Los perros son muy territoriales y me costo mucho adaptarme a ello. Al principio no quería ir a ninguna parte a pie me daba un miedo terrible pasear entre tantos perros sueltos ladrándome o intentando atacarme si ellos consideraban que invadía su terreno. Además mi apariencia occidental les llama mucho la atención siendo su blanco perfecto para atacar o mostrar liderazgo. Al principio iba a todas partes en taxi y no hacia trekkings sin ir acompañada de personas locales que me enseñaran como manejar estas situaciones. Mi experiencia en África con animales salvajes no me servía de nada aquí ya que su personalidad y su forma de comportarse es muy diferente a lo que estaba acostumbrada.

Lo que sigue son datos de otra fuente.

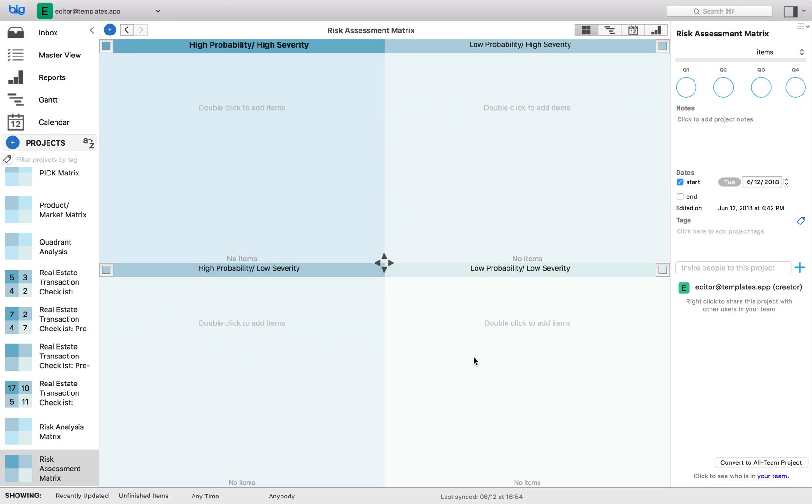The common mistake among many people who practice this is to ignore quadrant four and not track risks that have low probability and low severity. While these can be deprioritized when you are addressing other risks, it is imperative that they are tracked. Today's low severity risks can easily become tomorrow's high severity risks. You can also change the quadrant names to occurrence rate versus probability, assuming these failures happen on a periodic basis.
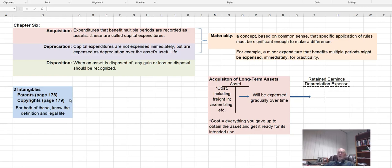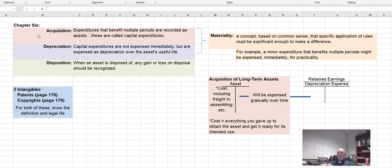In Chapter 6 we're talking about long-term assets, and I have three topics I want to talk about: what to do when you acquire a long-term asset, how to depreciate it over its useful life, and then in the next video we'll talk about what to do when we get rid of it. When we talk about these long-term assets — like vehicles, a building, equipment — things we're going to be using for multiple periods, instead of expensing the whole thing right now, we're going to set up an asset account and then depreciate it gradually over the life of the asset.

Poco a poco fui observando e inventándome estrategias que me ayudaran a crear buenas relaciones con ellos. Por ejemplo, una de las estrategias que me funciona es llevar siempre comida encima así cuando me empiezan a ladrar o intentan atacarme me agacho y les enseño la comida con una voz muy suave mostrándoles que respeto su terreno y que quiero ser amiga suya. Es muy curioso pero funciona y ahora voy a todas partes a pie sola sin miedo.

En el caso de los animales salvajes tuve un par de sustos grandes. Una vez iba con un guía y pasábamos por un sendero muy estrecho de montaña a unos 3,500 metros de altura. De repente un toro enorme se cruzó ante nosotros de frente. Primero miró al guía y luego me miro a mi y muy enfadado lanzó un gruñido muy feo tambaleando su cabeza de un lado a otro como diciendo: ¡fuera de mi camino que quiero pasar! Él solo fijaba la mirada en mi como si yo estuviera sola y el guía local no existiera. Yo estaba paralizada del susto realmente pensé que se iba a echar encima mío para atacarme. El guía le dio un par de tambaleadas con la mano y le hizo pasar ante nosotros arrinconándome hacia un lado y así el toro pudo continuar su camino. Jamás se me olvidara su gruñido y la forma en que me miraba fijamente a los ojos era para morirse de un ataque.

 Otro susto gordo fue con un Yak. El Yak es un animal salvaje enorme parecido al búfalo pero con cola de caballo muy típico de las montañas Himalaya.  Es un animal que es considerado peligroso y algunas gentes locales han muerto en algún momento por ser atacados por un Yak accidentalmente. No son animales pacíficos en absoluto y tienen fuerte personalidad. Nosotros estábamos haciendo uno de los trekkings mas bonitos en el distrito de Paro Y de repente un Yak nos empezó a perseguir cuesta arriba más específicamente a mi. Para daros una idea normalmente se tarda tres horas para llegar a la cima y nosotros lo hicimos en una hora y media escapando a toda prisa del Yak. Afortunadamente no paso nada y al llegar a la cima lo perdimos ya que son animales que no son ágiles en absoluto y no pueden correr mucho por su enorme peso. Yo me sentía como Tarzan en la selva aprendiendo sus leyes y como convivir con el reino animal en este sitio mágico. El miedo nunca me hace retroceder sino al contrario me despierta más la curiosidad.

Realmente se aprende mucho observando la naturaleza y como interactuar con ella. Ver como los animales salvajes se desplazan elegantemente en nuestro entorno buscando alimento e interactuando con nosotros me genera una sensación de naturaleza infinita y paz. Los turistas que he conocido en el pasado antes del COVID19 que han visitado Bután se relajan tanto cuando llegan que con los días pierden totalmente la noción del tiempo en este paraíso dándoles la sensación que viven en otro mundo muy lejos de la realidad. Todo esto nos prueba que nuestra vida está en directa relación con la naturaleza y aunque a veces creamos que ya no la necesitamos, ella está en todo y debemos cuidarla como lo hacen en Bután.